Parkland Students – We Won’t Go Back to Normal!

Students of Marjory Stoneman Douglas High School in Parkland, Florida returned to school two weeks after a 19-year old former-student gunned down 17 people there. Most of the students said they were ready to return, but promised they would not let things “go back to normal.”

Over the past weeks, many of the students have spoken out about the tragedy and gone on to organize rallies and press conferences demanding change. They marched on the state capital, demanding that the Florida legislature address the problem of gun violence and were ignored. But that didn’t stop them. The determination of these students has inspired thousands of young people across the country to demand the right to live in a society that can keep them safe. They say that they will not stop until real changes have been made.

These students have turned their grief into outrage and their anger into organizing. The youth of this country have grown up with an epidemic of mass shootings, with regular mass shooter drills at schools, and they are right to be sick of it. They are right to question a society where it is easier to purchase an assault rifle than it is to access mental health treatment. They are right to question a political system in which politicians regularly receive funding from weapons manufacturers and the NRA. And they are right to question the entire society when mass shooting and mass violence have become accepted as normal.

These students have grown up in a toxic society.

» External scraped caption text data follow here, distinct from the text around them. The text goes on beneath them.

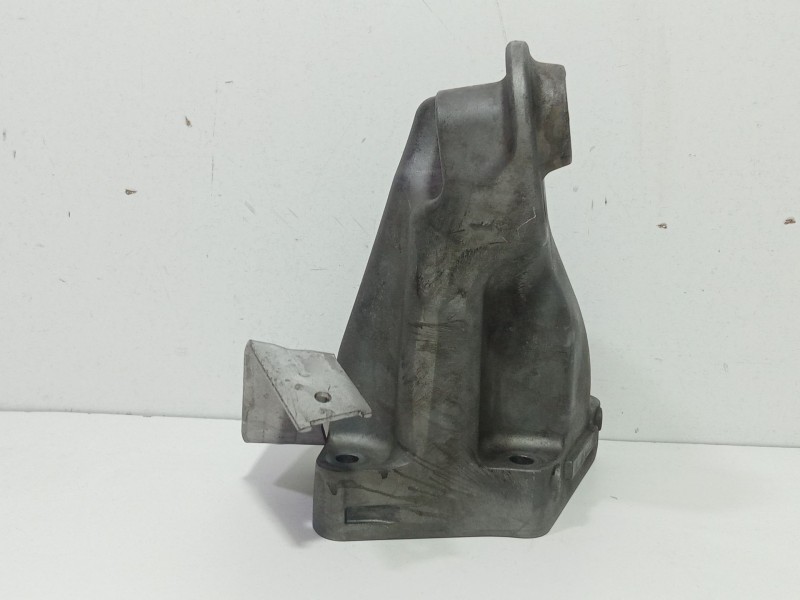 Recambio de soporte motor derecho para mercedes-benz clase e (w213) e 350 d (213.033) referencia OEM IAM A6422234404  
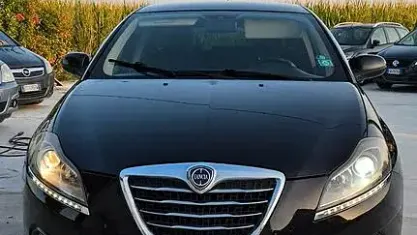 Usata Lancia Delta Silver 105 CV (77 kW) 2011 Nero Utilitaria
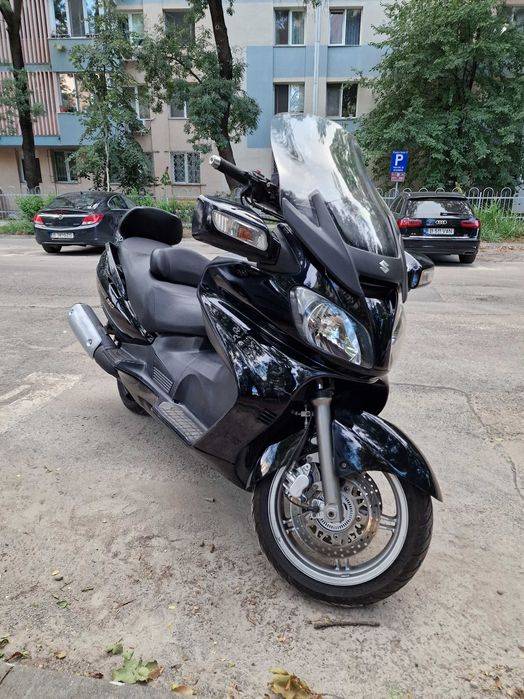 Suzuki Burgman 650 Executive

Their schools can no longer be considered safe zones. In rough neighborhoods, where shootings are not uncommon, school used to provide a refuge of sorts. Not any more. Funding for their schools has been decimated. Art, music, other electives, and P.E. have been cut or eliminated, leaving them with the most basic classes focusing on standardized tests in overcrowded classrooms.

The future that young people have been promised looks very grim. They have been told they will likely be financially worse off than their parents, and that if they do go to college, they will be saddled with tens of thousands of dollars in debt, with dwindling job prospects. They have been promised a world overflowing with violence and inequality, and a planet facing ecological collapse. It is not a surprise that depression and suicide rates for teenagers in the U.S. are at an all-time high.

Young people demanding change are getting a real education about how this system functions. The response from the politicians shows how this society works. Their response to this violence is to escalate it, proposing to turn schools into virtual prisons, arming teachers, with guards at every entrance. These are the same politicians who have overseen the gutting of education, of health care, of affordable housing. They are the same people who enforce the violence of poverty, the militarizing of the police, and decades of military violence against the people of the world. That is what’s normal for them, and how dare they pretend to be on our side!

These students are right to see the politicians for what they are – people who only want to keep things the same. The students are right to recognize that change depends on what they do. Their anger is an expression of a growing discontent over the conditions in this society, no different than the wave of protests in response to killings by the police. We need to encourage them and stand with them wherever possible. The Parkland students have drawn a line in the sand: if we don’t want to go back to normal, then we have to change what is normal!

A nation-wide protest has been called for March 24: “A March for Our Lives.” That can be a start.